When you are interviewing for the position, make sure that you check out social media that your candidate has created and run. (Not just their own Facebook page! See what they have done for clients on at least four media). Ensure that they respond and interact. Ensure that the content they post adds value to their followers. Are questions left unanswered? Check out the blog posts they write. Make sure that they use original content. Ask them what curation services they recommend for your business. Ask them what tools they use for social media. Do they use stock images or do they use original photographs and graphics? How much time do they spend on their own social media accounts? If it’s a lot, remember that they will probably use the time you’re paying for to chat with their friends.

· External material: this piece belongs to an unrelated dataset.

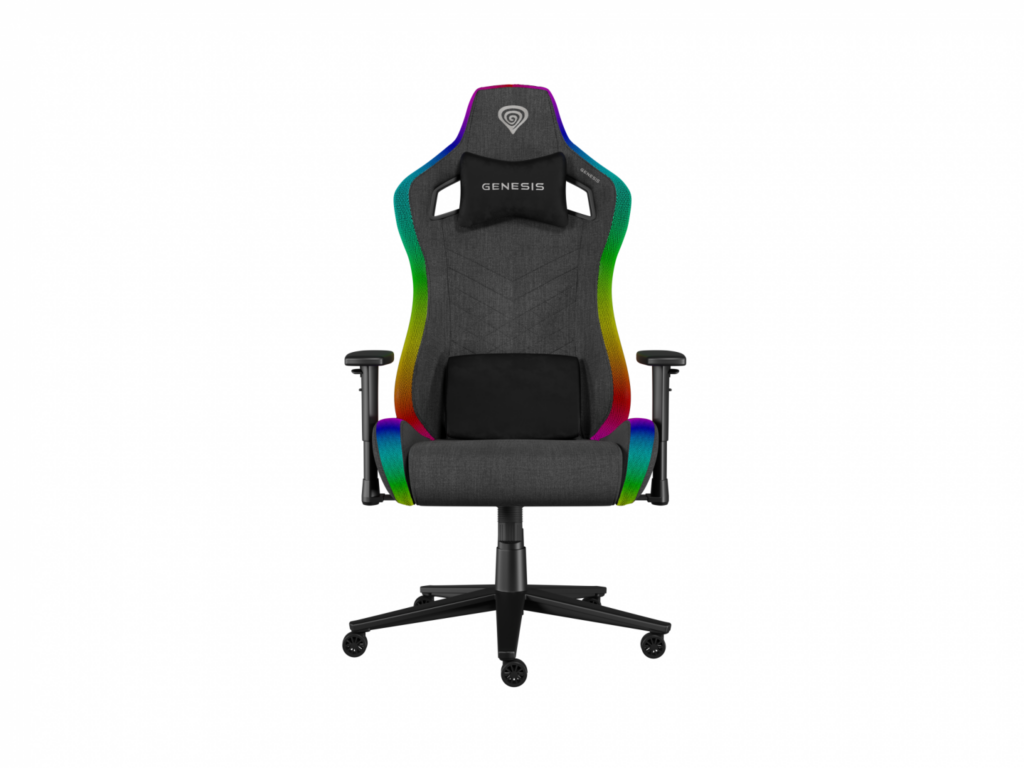 Scaun gaming Genesis TRIT 660, material textil, iluminare RGB, inaltime ajustabila, spatar ajustabil, Gri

Ask your candidate what they are going to do to integrate your social media with your website and your offline marketing methods. (If they suggest putting a huge ‘like us on Facebook’ icon on your website, show them the door). Alarm bells should ring if they say that they require a budget. An experienced social media marketing manager will have all the tools and equipment they need. If they suggest that you need a phone app (and they just happen to know someone who can do it for you) or spend any additional money other than their own salary, you’re talking to the wrong person. If they suggest that you need to make your website phone-friendly, they are correct. But they should be able to do the job themselves. Ask them how they are going to use QR codes (if they suggest having one on your TV ads or your website, tell them ‘don’t ring us, we’ll ring you).

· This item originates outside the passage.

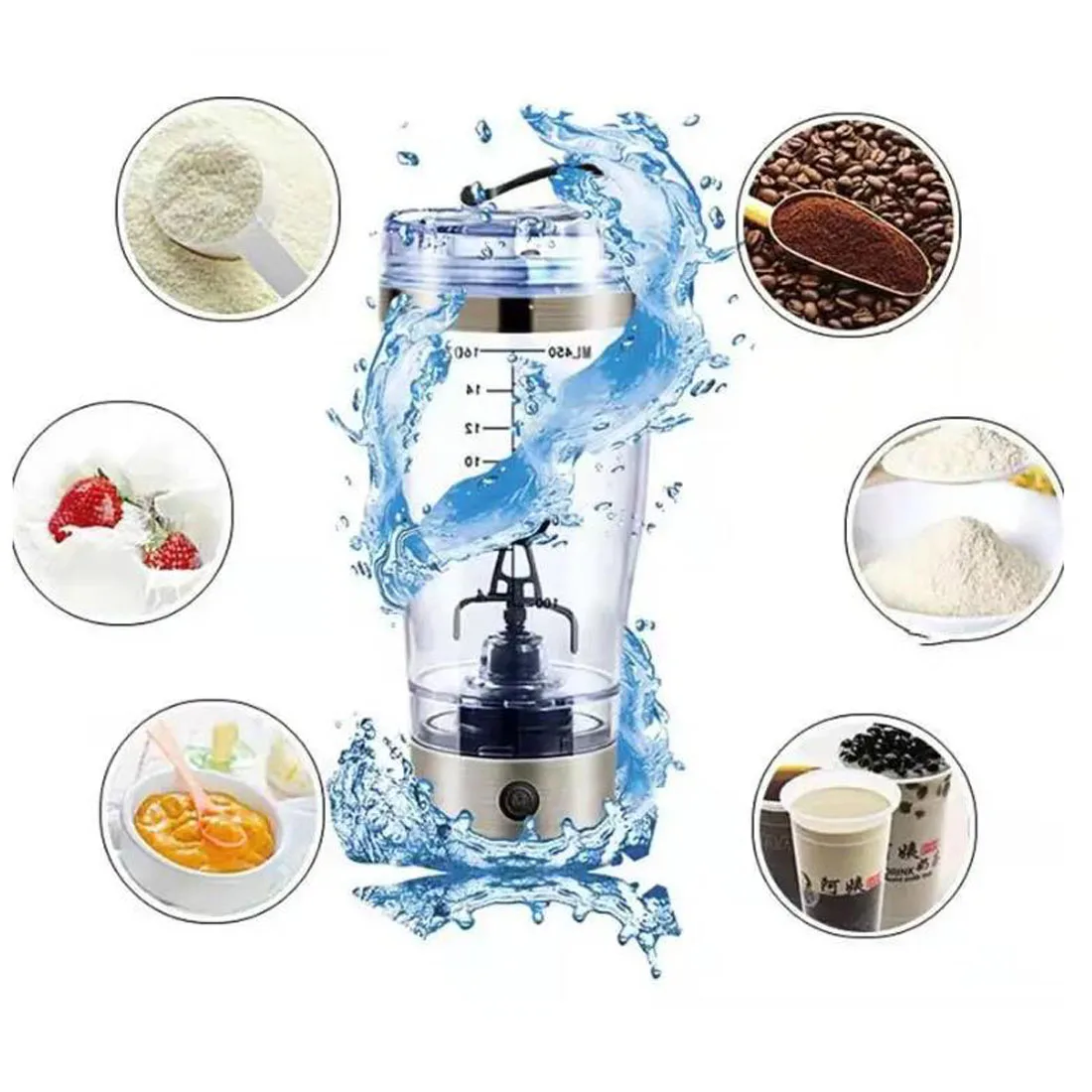 450/600ml Electric Protein Shake Stirrer USB Shake Bottle Milk Coffee Blender Kettle Sports And Fitness Charging Electric Shaker 3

When you have appointed your social media manager, keep a close eye on what they are doing. In my opinion, it’s perfectly legitimate for an employer to check an employee’s browsing history at the end of the day. (Although an experienced manager is probably using his or her phone more than a computer). Watch how they interact on social media and with your staff. How do they integrate their work with your advertising agency, PR people and webmaster? Statistically, the chances are that you’ve employed someone who isn’t the expert you’ve been led to believe. Watch for amateur signs such as posting Facebook updates automatically to Twitter, posting motivational quotes, posting links with no explanation, posting the same message repeatedly, setting up automated messages and so on.
If you can find someone under twenty five who can fulfill those criteria, then go ahead! But I can promise you that you’ll be paying for their social media education. And you’ll be risking your business’ reputation. Let’s put it this way – imagine that you need surgery; the removal of your appendix. Would you let a twenty-five year old newly-qualified, inexperienced, unsupervised doctor do that? Of course not. And you shouldn’t leave your company’s reputation and your brand in the hands of an inexperienced, unsupervised person either.

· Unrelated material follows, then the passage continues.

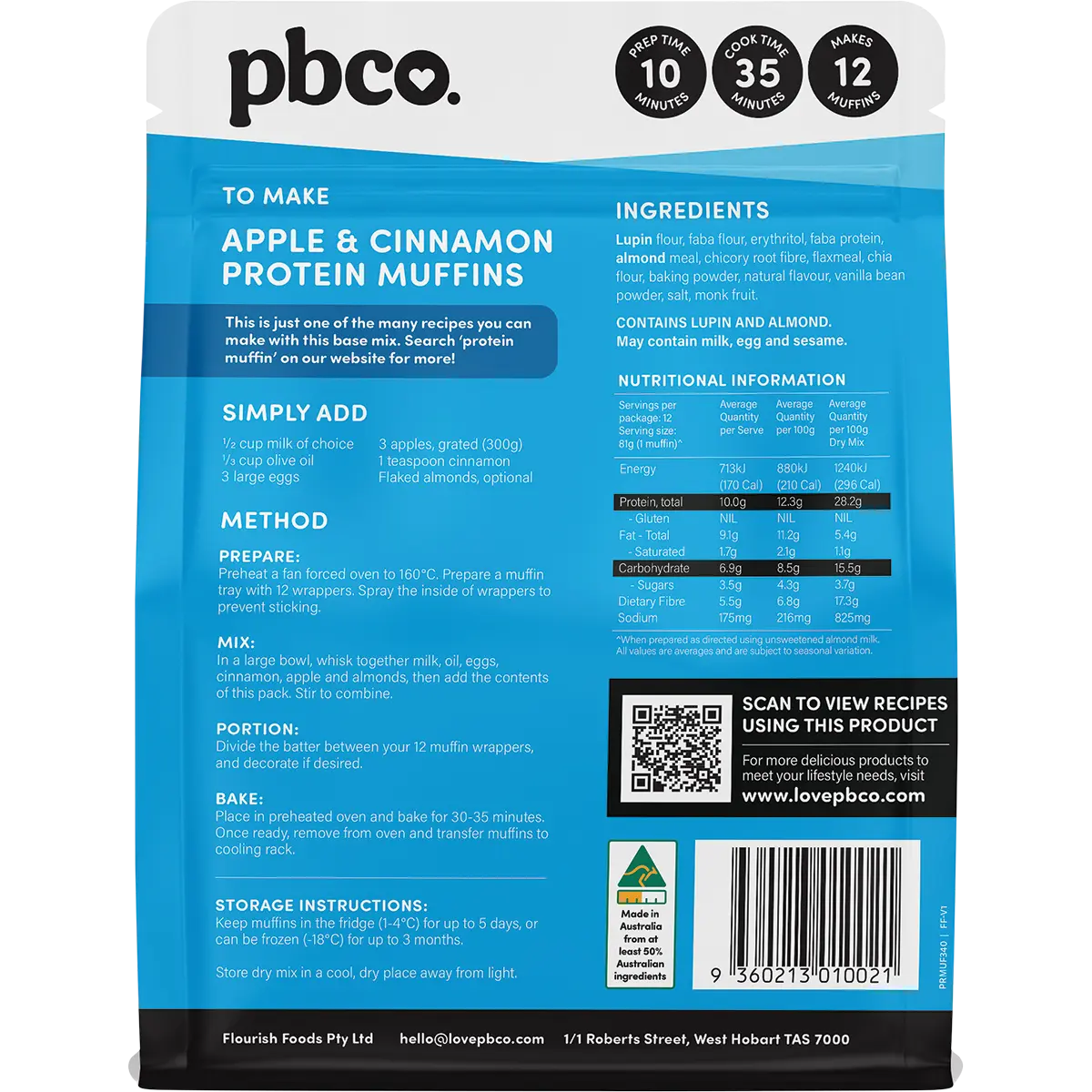 PBCO Protein Muffin Mix Plant Protein 340g — back pack image (UHP)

One thing that the writer of the social-media-managers-should-be-under-25 article said was that businesses make a mistake when they ask for someone with ten years experience in social media. She says this is crazy because no-one has been using social media for ten years. This is complete stuff and nonsense. When she was nine years old, I created and ran a social media website. By the time Facebook came along, five years later (when she was fourteen) I was still running it and had developed another highly successful social media site. So you see, it is perfectly possible to have experience spanning much more than ten years.